[TASK REQUIREMENTS]: The response should consist solely of the lines running from the line with "Toyota Yaris Cross" to the end of the data, retyped exactly.

[DATA SHOWN]:
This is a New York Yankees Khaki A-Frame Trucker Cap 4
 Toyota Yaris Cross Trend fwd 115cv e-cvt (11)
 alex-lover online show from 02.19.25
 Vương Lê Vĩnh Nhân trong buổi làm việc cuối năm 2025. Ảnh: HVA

[OUTPUT]:
 Toyota Yaris Cross Trend fwd 115cv e-cvt (11)
 alex-lover online show from 02.19.25
 Vương Lê Vĩnh Nhân trong buổi làm việc cuối năm 2025. Ảnh: HVA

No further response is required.